- **Exercise prompt**
Leaving the images aside, transcribe all the data below exactly.

(Captioned web image data)
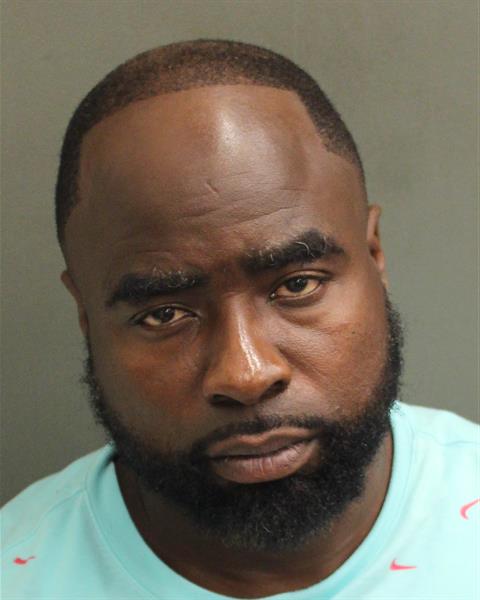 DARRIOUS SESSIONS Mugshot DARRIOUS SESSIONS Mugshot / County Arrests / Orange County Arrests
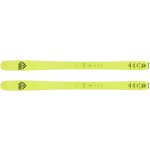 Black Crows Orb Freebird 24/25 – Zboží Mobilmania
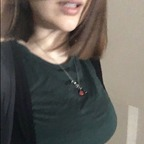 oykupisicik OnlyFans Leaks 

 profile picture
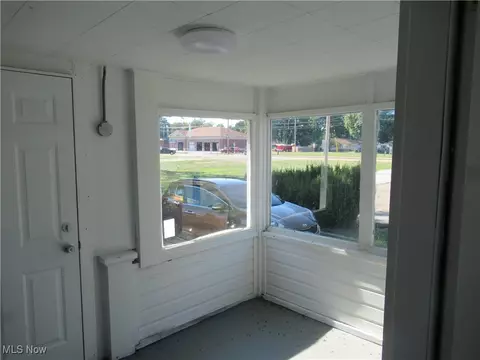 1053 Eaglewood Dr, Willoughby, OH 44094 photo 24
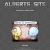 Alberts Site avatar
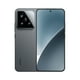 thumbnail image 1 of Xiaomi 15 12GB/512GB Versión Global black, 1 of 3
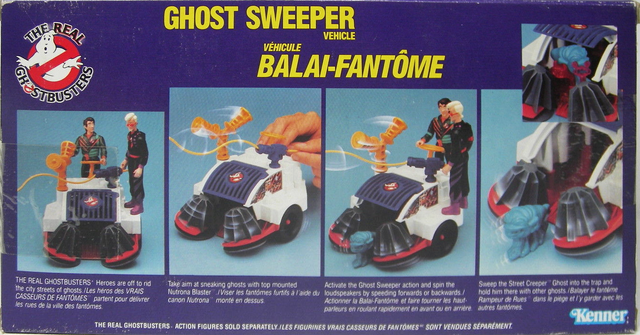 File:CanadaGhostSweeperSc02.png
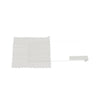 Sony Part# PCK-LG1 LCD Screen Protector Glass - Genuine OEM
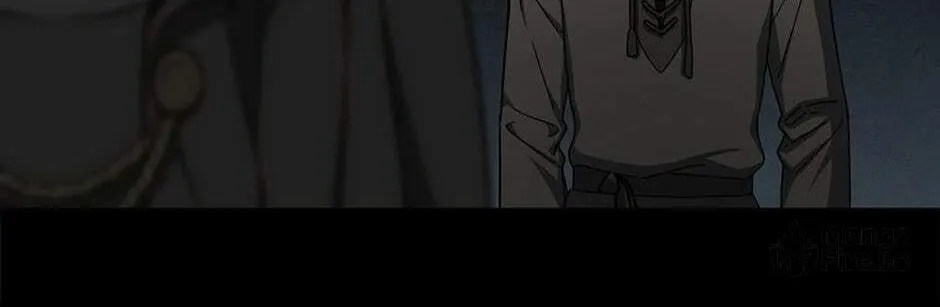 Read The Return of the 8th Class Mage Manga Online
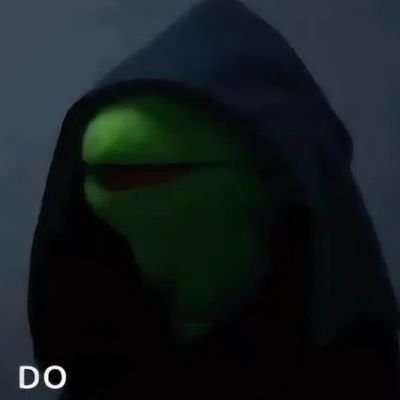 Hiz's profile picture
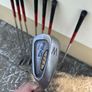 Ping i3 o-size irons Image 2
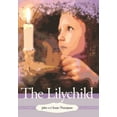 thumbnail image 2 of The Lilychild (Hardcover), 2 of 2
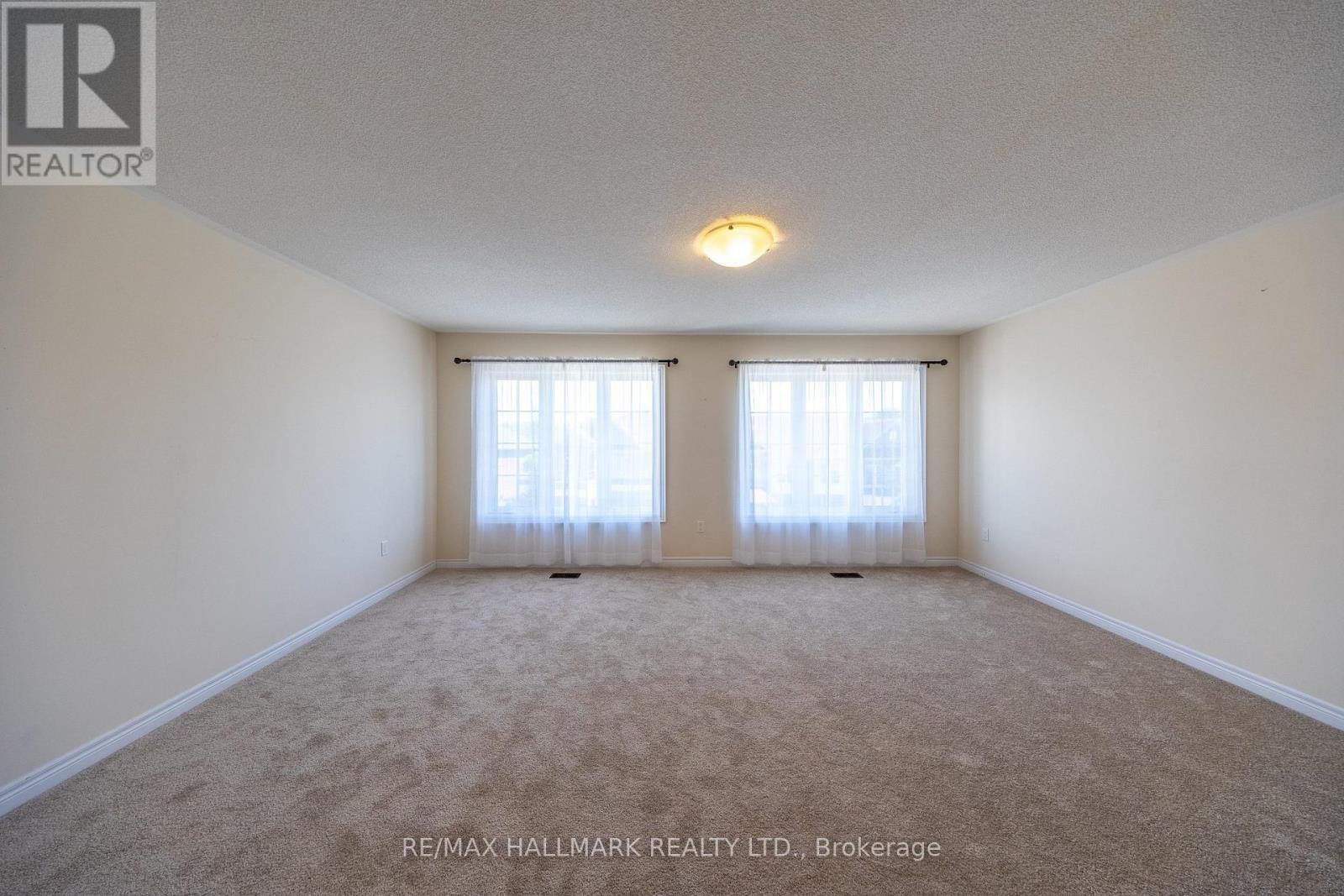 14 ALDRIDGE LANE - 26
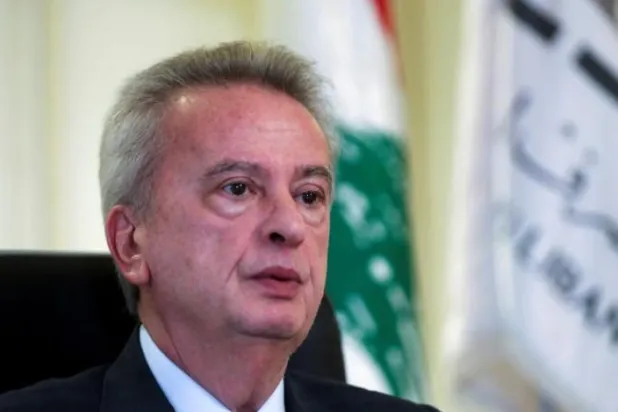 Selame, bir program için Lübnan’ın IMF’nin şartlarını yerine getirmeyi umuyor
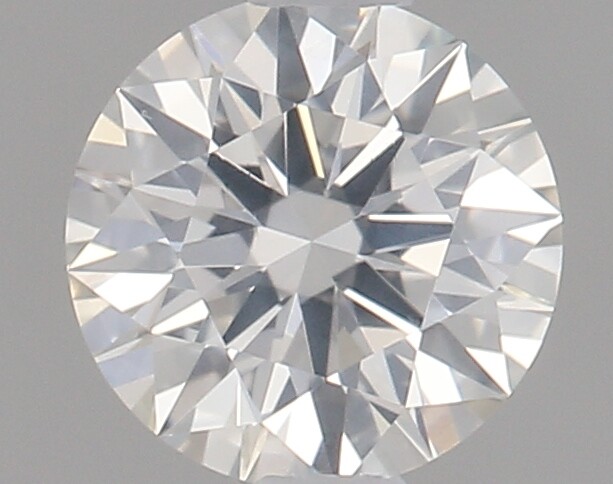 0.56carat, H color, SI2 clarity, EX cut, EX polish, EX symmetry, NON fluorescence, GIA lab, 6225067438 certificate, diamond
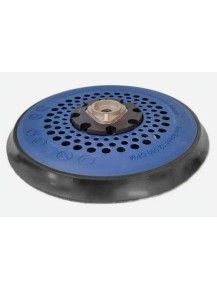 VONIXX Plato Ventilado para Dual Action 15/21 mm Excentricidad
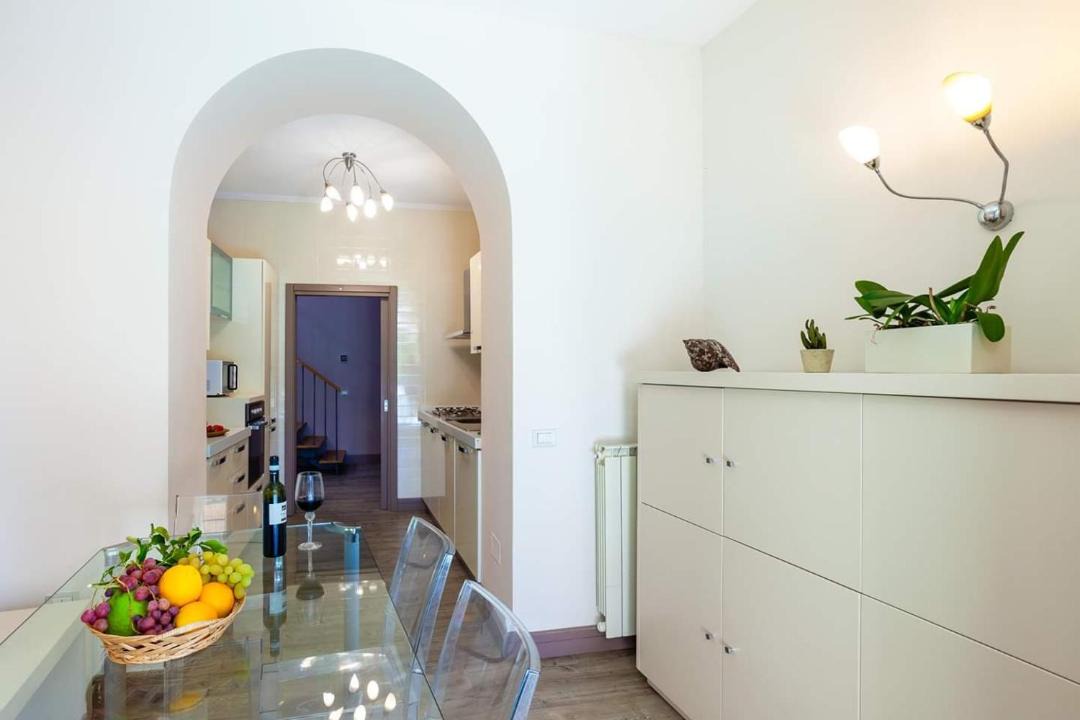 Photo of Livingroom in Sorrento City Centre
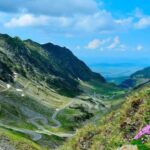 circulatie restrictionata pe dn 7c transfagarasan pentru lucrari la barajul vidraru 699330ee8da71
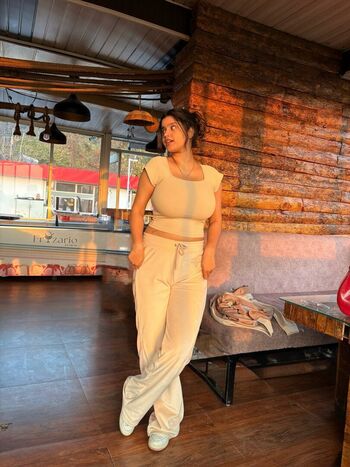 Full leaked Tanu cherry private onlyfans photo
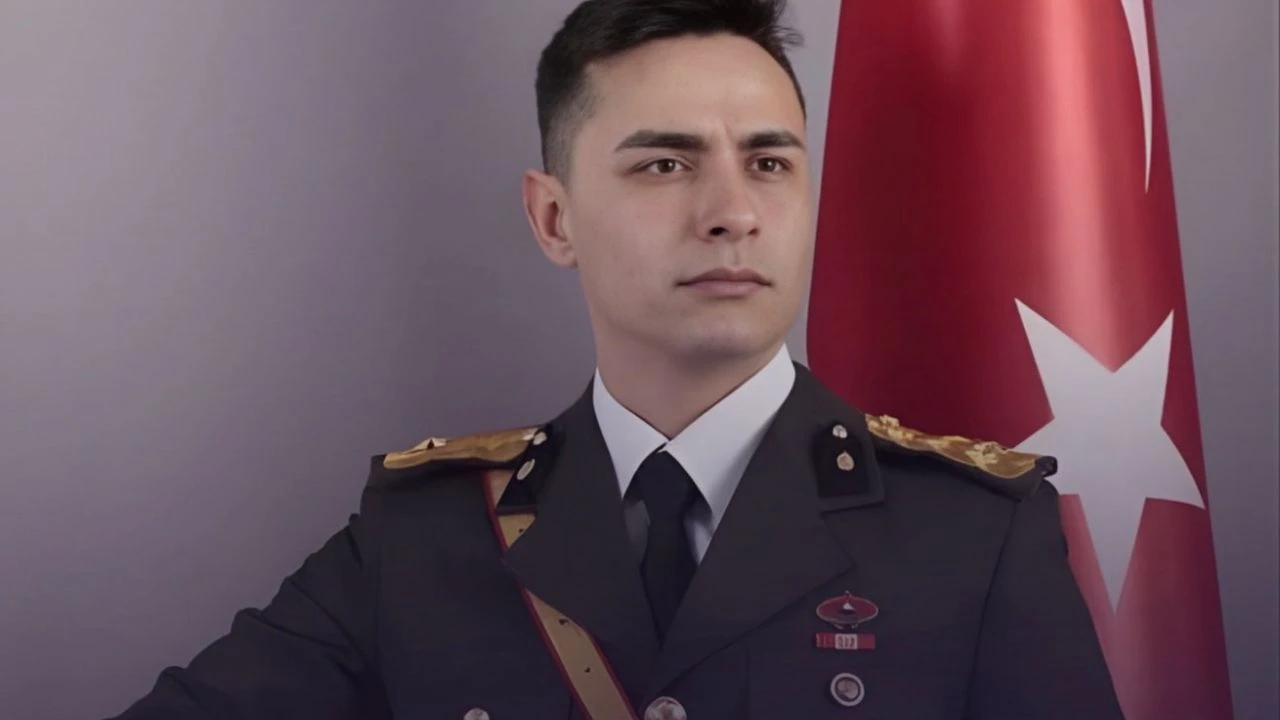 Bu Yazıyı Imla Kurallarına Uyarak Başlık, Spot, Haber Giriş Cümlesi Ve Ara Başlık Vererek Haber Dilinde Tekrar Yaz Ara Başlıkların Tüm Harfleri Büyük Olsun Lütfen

- **The completed task**
 DARRIOUS SESSIONS Mugshot DARRIOUS SESSIONS Mugshot / County Arrests / Orange County Arrests
 Black Crows Orb Freebird 24/25 – Zboží Mobilmania
 oykupisicik OnlyFans Leaks 

 profile picture
 1053 Eaglewood Dr, Willoughby, OH 44094 photo 24
 Alberts Site avatar
 thumbnail image 1 of Xiaomi 15 12GB/512GB Versión Global black, 1 of 3
 File:CanadaGhostSweeperSc02.png
 Sony Part# PCK-LG1 LCD Screen Protector Glass - Genuine OEM
 Read The Return of the 8th Class Mage Manga Online
 Hiz's profile picture
 Ping i3 o-size irons Image 2
 thumbnail image 2 of The Lilychild (Hardcover), 2 of 2
 14 ALDRIDGE LANE - 26
 Selame, bir program için Lübnan’ın IMF’nin şartlarını yerine getirmeyi umuyor
 0.56carat, H color, SI2 clarity, EX cut, EX polish, EX symmetry, NON fluorescence, GIA lab, 6225067438 certificate, diamond
 VONIXX Plato Ventilado para Dual Action 15/21 mm Excentricidad
 Photo of Livingroom in Sorrento City Centre
 circulatie restrictionata pe dn 7c transfagarasan pentru lucrari la barajul vidraru 699330ee8da71
 Full leaked Tanu cherry private onlyfans photo
 Bu Yazıyı Imla Kurallarına Uyarak Başlık, Spot, Haber Giriş Cümlesi Ve Ara Başlık Vererek Haber Dilinde Tekrar Yaz Ara Başlıkların Tüm Harfleri Büyük Olsun Lütfen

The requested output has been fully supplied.